Campus life reinforced class divides

June 21, 2002

Higher education may have reinforced socioeconomic class divides for most of the 1970s and 1980s, writes Alan Thomson.

A study by the Centre for Economic Performance at the London School of Economics showed that higher education acted to restrict social mobility, despite an expansion in university places in the late 1970s and 1980s.

The study looked at people aged 33 born in 1958 and people aged 30 born in 1970. It found that a son born in 1958 to a family with income of £20,000 would be earning 12 per cent more than a son born the same year to a family earning £10,000.

A son born in 1970 could expect a 22 per cent wage premium if he was born to a family earning £20,000. Daughters' premiums were similar.

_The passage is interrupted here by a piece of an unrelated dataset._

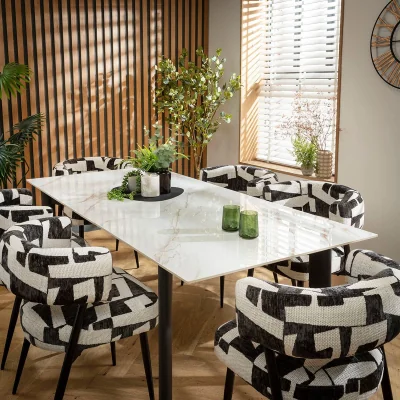 Quatropi Modern Extendable Dining Table and Chairs 6 Seater Set Black & White Ceramic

Thirty-four per cent of those born in 1958 to parents in the top earnings quartile ended up there themselves in 1991. Thirty per cent of those born to parents in the bottom quartile stayed there into their 30s.

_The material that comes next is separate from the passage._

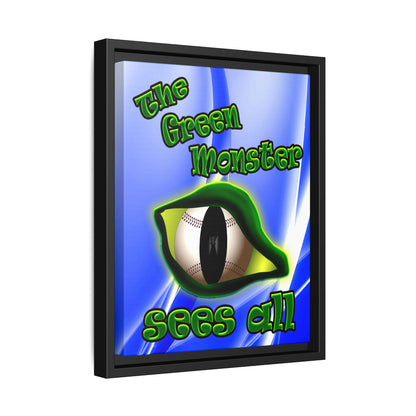 green monster - framed canvas art (blue-white wave)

Nineteen per cent of those born to parents in the bottom quartile ended up in the top quarter of earners.

Forty-three per cent of those born in 1970 to the wealthiest parents were in that same quartile in 2000, while 38 per cent born to parents in the bottom quartile remained low earners. Only 15 per cent of those born into the lowest earning families managed to make it to the top quartile.

The study found that by factoring out the effect of higher education on subsequent earnings, the rise in immobility between the 1958 and 1970 cohorts is reduced by 16 percentage points for sons and percentage points for daughters.

CEP researcher Jo Blanden said these were signs the rapid expansion in the 1990s could be breaking down class barriers.